**** SOURCE MATERIAL
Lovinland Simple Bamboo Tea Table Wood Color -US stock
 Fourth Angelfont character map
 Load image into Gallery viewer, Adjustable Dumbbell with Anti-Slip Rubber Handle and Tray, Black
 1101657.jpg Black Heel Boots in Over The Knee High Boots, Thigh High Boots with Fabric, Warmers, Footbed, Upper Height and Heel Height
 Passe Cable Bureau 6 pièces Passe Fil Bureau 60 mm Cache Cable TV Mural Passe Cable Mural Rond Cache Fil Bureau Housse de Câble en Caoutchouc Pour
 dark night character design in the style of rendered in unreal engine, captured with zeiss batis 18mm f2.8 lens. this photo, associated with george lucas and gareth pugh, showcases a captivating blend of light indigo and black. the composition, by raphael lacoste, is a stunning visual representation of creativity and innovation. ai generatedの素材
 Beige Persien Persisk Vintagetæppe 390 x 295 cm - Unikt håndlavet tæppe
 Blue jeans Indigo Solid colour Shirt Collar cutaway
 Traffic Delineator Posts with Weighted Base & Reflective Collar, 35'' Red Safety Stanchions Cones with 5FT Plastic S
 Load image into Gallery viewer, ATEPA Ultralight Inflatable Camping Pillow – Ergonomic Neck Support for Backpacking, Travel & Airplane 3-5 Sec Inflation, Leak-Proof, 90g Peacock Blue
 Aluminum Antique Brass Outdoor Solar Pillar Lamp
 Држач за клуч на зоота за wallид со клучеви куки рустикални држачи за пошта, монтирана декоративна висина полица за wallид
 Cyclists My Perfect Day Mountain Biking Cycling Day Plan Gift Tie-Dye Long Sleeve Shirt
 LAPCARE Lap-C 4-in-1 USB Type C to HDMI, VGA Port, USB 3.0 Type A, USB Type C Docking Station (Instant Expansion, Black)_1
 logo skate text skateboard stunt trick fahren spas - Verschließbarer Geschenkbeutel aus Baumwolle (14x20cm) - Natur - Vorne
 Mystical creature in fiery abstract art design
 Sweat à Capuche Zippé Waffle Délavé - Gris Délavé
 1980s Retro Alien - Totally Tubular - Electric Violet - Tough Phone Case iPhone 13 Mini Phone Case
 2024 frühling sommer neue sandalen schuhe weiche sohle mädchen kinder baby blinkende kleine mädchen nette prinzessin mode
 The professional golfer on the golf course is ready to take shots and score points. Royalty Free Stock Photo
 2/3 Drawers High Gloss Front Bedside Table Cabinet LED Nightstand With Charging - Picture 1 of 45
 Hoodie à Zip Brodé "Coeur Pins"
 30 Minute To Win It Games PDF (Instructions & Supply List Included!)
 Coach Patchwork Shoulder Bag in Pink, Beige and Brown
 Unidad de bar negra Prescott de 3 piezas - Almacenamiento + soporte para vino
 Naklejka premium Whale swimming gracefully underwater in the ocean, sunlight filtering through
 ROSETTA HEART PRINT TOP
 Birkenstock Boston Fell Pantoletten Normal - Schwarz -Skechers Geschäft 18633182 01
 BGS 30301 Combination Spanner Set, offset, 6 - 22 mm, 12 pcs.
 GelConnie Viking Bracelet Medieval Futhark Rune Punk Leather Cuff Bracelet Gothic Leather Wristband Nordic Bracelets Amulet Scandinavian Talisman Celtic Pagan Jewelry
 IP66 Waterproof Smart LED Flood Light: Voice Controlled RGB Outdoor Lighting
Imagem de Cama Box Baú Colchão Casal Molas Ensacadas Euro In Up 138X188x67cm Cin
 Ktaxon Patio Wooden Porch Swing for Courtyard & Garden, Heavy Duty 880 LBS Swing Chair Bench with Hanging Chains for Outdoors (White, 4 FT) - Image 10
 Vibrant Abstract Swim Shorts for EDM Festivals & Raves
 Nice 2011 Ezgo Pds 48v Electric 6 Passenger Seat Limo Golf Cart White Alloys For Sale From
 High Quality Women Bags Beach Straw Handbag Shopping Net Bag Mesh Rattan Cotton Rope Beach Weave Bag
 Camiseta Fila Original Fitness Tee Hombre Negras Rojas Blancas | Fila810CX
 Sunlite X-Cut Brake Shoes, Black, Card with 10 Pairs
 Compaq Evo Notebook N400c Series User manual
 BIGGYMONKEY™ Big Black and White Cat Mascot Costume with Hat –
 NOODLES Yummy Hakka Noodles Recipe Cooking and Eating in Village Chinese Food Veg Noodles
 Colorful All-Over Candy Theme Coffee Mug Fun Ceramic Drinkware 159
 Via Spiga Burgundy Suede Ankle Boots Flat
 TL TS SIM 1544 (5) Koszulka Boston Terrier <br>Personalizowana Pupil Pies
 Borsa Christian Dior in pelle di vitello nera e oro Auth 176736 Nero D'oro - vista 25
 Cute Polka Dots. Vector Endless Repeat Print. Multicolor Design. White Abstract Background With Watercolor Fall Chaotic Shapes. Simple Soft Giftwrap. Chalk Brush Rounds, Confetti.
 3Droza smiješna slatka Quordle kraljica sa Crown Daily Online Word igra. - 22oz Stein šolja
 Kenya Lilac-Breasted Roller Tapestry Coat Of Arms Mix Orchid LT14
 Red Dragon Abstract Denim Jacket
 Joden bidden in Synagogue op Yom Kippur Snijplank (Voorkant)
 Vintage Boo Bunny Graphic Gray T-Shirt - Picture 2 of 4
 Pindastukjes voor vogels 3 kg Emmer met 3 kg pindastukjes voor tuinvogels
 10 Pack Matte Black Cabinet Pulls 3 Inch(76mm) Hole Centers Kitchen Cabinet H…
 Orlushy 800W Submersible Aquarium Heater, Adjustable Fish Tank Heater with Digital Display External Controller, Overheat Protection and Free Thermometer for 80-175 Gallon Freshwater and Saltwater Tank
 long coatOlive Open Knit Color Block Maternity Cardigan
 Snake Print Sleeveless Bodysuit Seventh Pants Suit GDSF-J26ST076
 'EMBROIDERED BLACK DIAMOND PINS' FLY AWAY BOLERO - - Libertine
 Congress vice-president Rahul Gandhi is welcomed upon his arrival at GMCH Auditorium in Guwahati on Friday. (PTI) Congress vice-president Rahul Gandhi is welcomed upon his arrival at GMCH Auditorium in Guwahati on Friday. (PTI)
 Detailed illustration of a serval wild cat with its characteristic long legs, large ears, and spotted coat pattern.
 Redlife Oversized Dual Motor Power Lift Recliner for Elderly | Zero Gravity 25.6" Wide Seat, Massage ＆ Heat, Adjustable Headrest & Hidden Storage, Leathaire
********
- **EXERCISE DESCRIPTION**
Nothing may change. Retype all of the entries.

- **EXERCISE ANSWER**
Lovinland Simple Bamboo Tea Table Wood Color -US stock
 Fourth Angelfont character map
 Load image into Gallery viewer, Adjustable Dumbbell with Anti-Slip Rubber Handle and Tray, Black
 1101657.jpg Black Heel Boots in Over The Knee High Boots, Thigh High Boots with Fabric, Warmers, Footbed, Upper Height and Heel Height
 Passe Cable Bureau 6 pièces Passe Fil Bureau 60 mm Cache Cable TV Mural Passe Cable Mural Rond Cache Fil Bureau Housse de Câble en Caoutchouc Pour
 dark night character design in the style of rendered in unreal engine, captured with zeiss batis 18mm f2.8 lens. this photo, associated with george lucas and gareth pugh, showcases a captivating blend of light indigo and black. the composition, by raphael lacoste, is a stunning visual representation of creativity and innovation. ai generatedの素材
 Beige Persien Persisk Vintagetæppe 390 x 295 cm - Unikt håndlavet tæppe
 Blue jeans Indigo Solid colour Shirt Collar cutaway
 Traffic Delineator Posts with Weighted Base & Reflective Collar, 35'' Red Safety Stanchions Cones with 5FT Plastic S
 Load image into Gallery viewer, ATEPA Ultralight Inflatable Camping Pillow – Ergonomic Neck Support for Backpacking, Travel & Airplane 3-5 Sec Inflation, Leak-Proof, 90g Peacock Blue
 Aluminum Antique Brass Outdoor Solar Pillar Lamp
 Држач за клуч на зоота за wallид со клучеви куки рустикални држачи за пошта, монтирана декоративна висина полица за wallид
 Cyclists My Perfect Day Mountain Biking Cycling Day Plan Gift Tie-Dye Long Sleeve Shirt
 LAPCARE Lap-C 4-in-1 USB Type C to HDMI, VGA Port, USB 3.0 Type A, USB Type C Docking Station (Instant Expansion, Black)_1
 logo skate text skateboard stunt trick fahren spas - Verschließbarer Geschenkbeutel aus Baumwolle (14x20cm) - Natur - Vorne
 Mystical creature in fiery abstract art design
 Sweat à Capuche Zippé Waffle Délavé - Gris Délavé
 1980s Retro Alien - Totally Tubular - Electric Violet - Tough Phone Case iPhone 13 Mini Phone Case
 2024 frühling sommer neue sandalen schuhe weiche sohle mädchen kinder baby blinkende kleine mädchen nette prinzessin mode
 The professional golfer on the golf course is ready to take shots and score points. Royalty Free Stock Photo
 2/3 Drawers High Gloss Front Bedside Table Cabinet LED Nightstand With Charging - Picture 1 of 45
 Hoodie à Zip Brodé "Coeur Pins"
 30 Minute To Win It Games PDF (Instructions & Supply List Included!)
 Coach Patchwork Shoulder Bag in Pink, Beige and Brown
 Unidad de bar negra Prescott de 3 piezas - Almacenamiento + soporte para vino
 Naklejka premium Whale swimming gracefully underwater in the ocean, sunlight filtering through
 ROSETTA HEART PRINT TOP
 Birkenstock Boston Fell Pantoletten Normal - Schwarz -Skechers Geschäft 18633182 01
 BGS 30301 Combination Spanner Set, offset, 6 - 22 mm, 12 pcs.
 GelConnie Viking Bracelet Medieval Futhark Rune Punk Leather Cuff Bracelet Gothic Leather Wristband Nordic Bracelets Amulet Scandinavian Talisman Celtic Pagan Jewelry
 IP66 Waterproof Smart LED Flood Light: Voice Controlled RGB Outdoor Lighting
Imagem de Cama Box Baú Colchão Casal Molas Ensacadas Euro In Up 138X188x67cm Cin
 Ktaxon Patio Wooden Porch Swing for Courtyard & Garden, Heavy Duty 880 LBS Swing Chair Bench with Hanging Chains for Outdoors (White, 4 FT) - Image 10
 Vibrant Abstract Swim Shorts for EDM Festivals & Raves
 Nice 2011 Ezgo Pds 48v Electric 6 Passenger Seat Limo Golf Cart White Alloys For Sale From
 High Quality Women Bags Beach Straw Handbag Shopping Net Bag Mesh Rattan Cotton Rope Beach Weave Bag
 Camiseta Fila Original Fitness Tee Hombre Negras Rojas Blancas | Fila810CX
 Sunlite X-Cut Brake Shoes, Black, Card with 10 Pairs
 Compaq Evo Notebook N400c Series User manual
 BIGGYMONKEY™ Big Black and White Cat Mascot Costume with Hat –
 NOODLES Yummy Hakka Noodles Recipe Cooking and Eating in Village Chinese Food Veg Noodles
 Colorful All-Over Candy Theme Coffee Mug Fun Ceramic Drinkware 159
 Via Spiga Burgundy Suede Ankle Boots Flat
 TL TS SIM 1544 (5) Koszulka Boston Terrier <br>Personalizowana Pupil Pies
 Borsa Christian Dior in pelle di vitello nera e oro Auth 176736 Nero D'oro - vista 25
 Cute Polka Dots. Vector Endless Repeat Print. Multicolor Design. White Abstract Background With Watercolor Fall Chaotic Shapes. Simple Soft Giftwrap. Chalk Brush Rounds, Confetti.
 3Droza smiješna slatka Quordle kraljica sa Crown Daily Online Word igra. - 22oz Stein šolja
 Kenya Lilac-Breasted Roller Tapestry Coat Of Arms Mix Orchid LT14
 Red Dragon Abstract Denim Jacket
 Joden bidden in Synagogue op Yom Kippur Snijplank (Voorkant)
 Vintage Boo Bunny Graphic Gray T-Shirt - Picture 2 of 4
 Pindastukjes voor vogels 3 kg Emmer met 3 kg pindastukjes voor tuinvogels
 10 Pack Matte Black Cabinet Pulls 3 Inch(76mm) Hole Centers Kitchen Cabinet H…
 Orlushy 800W Submersible Aquarium Heater, Adjustable Fish Tank Heater with Digital Display External Controller, Overheat Protection and Free Thermometer for 80-175 Gallon Freshwater and Saltwater Tank
 long coatOlive Open Knit Color Block Maternity Cardigan
 Snake Print Sleeveless Bodysuit Seventh Pants Suit GDSF-J26ST076
 'EMBROIDERED BLACK DIAMOND PINS' FLY AWAY BOLERO - - Libertine
 Congress vice-president Rahul Gandhi is welcomed upon his arrival at GMCH Auditorium in Guwahati on Friday. (PTI) Congress vice-president Rahul Gandhi is welcomed upon his arrival at GMCH Auditorium in Guwahati on Friday. (PTI)
 Detailed illustration of a serval wild cat with its characteristic long legs, large ears, and spotted coat pattern.
 Redlife Oversized Dual Motor Power Lift Recliner for Elderly | Zero Gravity 25.6" Wide Seat, Massage ＆ Heat, Adjustable Headrest & Hidden Storage, Leathaire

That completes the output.